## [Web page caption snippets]
____

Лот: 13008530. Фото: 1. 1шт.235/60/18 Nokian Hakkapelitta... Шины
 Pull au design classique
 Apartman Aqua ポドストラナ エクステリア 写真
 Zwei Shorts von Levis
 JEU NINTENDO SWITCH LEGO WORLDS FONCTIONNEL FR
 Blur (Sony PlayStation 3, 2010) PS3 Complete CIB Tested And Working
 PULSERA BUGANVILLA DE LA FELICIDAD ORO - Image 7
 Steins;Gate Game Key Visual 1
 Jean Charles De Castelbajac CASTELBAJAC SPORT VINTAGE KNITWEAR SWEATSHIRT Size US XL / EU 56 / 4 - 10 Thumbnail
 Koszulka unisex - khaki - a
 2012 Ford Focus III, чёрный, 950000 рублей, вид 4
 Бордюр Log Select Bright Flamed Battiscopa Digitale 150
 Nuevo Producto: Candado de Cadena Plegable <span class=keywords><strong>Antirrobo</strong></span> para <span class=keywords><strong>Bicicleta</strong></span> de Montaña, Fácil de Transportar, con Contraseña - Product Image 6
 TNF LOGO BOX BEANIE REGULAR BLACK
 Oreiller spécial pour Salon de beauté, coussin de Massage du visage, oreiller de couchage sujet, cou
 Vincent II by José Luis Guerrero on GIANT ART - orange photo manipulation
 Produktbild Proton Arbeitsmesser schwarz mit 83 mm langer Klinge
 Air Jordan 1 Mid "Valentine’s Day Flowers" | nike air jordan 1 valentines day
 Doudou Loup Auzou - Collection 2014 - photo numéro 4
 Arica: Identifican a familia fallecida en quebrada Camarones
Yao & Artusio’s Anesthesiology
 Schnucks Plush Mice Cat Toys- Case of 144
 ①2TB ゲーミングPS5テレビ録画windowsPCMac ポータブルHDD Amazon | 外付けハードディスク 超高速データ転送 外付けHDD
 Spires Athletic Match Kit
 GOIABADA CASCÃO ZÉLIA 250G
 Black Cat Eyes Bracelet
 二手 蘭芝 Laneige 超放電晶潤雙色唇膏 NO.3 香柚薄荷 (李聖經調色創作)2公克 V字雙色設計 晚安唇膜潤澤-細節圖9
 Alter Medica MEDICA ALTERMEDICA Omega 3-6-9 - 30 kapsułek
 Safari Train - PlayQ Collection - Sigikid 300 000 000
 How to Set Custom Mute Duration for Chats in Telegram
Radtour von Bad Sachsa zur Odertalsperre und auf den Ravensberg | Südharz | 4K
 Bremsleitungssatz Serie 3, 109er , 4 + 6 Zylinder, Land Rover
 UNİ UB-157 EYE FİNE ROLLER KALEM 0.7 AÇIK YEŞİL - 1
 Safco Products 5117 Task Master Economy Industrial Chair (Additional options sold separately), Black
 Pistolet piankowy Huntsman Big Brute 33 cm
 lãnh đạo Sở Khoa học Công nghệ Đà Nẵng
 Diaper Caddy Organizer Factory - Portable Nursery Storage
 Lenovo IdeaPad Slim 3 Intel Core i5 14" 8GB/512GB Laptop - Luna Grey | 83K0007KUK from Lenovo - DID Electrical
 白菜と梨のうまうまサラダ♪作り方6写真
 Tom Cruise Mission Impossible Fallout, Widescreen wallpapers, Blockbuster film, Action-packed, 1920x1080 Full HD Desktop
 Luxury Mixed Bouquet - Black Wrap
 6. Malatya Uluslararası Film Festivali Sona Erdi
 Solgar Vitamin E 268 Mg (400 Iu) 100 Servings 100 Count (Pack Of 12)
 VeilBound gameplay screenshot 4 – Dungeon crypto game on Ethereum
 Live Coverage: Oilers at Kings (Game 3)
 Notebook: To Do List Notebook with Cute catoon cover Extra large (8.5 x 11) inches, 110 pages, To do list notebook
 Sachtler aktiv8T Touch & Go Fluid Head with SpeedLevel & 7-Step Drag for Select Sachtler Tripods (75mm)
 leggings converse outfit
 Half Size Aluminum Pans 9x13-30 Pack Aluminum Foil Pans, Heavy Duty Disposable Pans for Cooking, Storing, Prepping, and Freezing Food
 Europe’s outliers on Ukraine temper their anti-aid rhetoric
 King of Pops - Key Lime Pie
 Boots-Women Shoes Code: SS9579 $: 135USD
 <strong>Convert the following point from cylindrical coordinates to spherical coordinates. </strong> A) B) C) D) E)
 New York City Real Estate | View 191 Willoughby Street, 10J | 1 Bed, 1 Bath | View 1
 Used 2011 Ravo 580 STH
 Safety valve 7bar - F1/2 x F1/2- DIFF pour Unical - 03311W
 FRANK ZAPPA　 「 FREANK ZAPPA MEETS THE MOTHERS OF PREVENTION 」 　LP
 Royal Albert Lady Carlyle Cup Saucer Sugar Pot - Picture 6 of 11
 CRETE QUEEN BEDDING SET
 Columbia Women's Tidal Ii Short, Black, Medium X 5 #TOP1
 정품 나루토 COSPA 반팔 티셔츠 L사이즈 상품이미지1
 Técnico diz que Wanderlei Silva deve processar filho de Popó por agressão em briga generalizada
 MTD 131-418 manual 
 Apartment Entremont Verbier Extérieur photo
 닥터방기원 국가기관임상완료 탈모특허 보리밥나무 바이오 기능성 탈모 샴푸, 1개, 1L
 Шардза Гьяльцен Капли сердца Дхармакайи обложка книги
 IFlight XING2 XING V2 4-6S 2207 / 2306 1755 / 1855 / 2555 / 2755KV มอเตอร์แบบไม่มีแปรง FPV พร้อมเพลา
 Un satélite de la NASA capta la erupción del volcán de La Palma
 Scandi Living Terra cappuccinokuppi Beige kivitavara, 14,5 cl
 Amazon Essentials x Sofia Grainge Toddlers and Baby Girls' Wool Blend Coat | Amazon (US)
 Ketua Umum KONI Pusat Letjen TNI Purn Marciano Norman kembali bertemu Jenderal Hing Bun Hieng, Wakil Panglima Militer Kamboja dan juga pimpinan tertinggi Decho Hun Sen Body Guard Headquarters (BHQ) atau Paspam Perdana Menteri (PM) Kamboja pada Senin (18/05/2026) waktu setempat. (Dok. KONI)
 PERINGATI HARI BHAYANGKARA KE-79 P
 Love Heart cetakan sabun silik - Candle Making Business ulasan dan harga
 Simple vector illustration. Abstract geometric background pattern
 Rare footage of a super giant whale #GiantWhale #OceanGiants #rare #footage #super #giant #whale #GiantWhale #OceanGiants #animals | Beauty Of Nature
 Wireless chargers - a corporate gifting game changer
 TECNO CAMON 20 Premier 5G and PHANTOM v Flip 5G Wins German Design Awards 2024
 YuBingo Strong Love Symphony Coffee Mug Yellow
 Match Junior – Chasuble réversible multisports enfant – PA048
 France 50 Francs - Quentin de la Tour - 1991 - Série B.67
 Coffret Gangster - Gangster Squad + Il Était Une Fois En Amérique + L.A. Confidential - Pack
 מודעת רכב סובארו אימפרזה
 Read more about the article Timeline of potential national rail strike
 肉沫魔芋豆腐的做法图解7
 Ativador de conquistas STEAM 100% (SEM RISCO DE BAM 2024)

____

## [THE PROBLEM]
For this task, write out exactly the lines of the entries above, starting at the line with "MTD 131-418 manual" and ending at the line with "Un satélite de", both included, and no others.

## [ANSWER]
 MTD 131-418 manual 
 Apartment Entremont Verbier Extérieur photo
 닥터방기원 국가기관임상완료 탈모특허 보리밥나무 바이오 기능성 탈모 샴푸, 1개, 1L
 Шардза Гьяльцен Капли сердца Дхармакайи обложка книги
 IFlight XING2 XING V2 4-6S 2207 / 2306 1755 / 1855 / 2555 / 2755KV มอเตอร์แบบไม่มีแปรง FPV พร้อมเพลา
 Un satélite de la NASA capta la erupción del volcán de La Palma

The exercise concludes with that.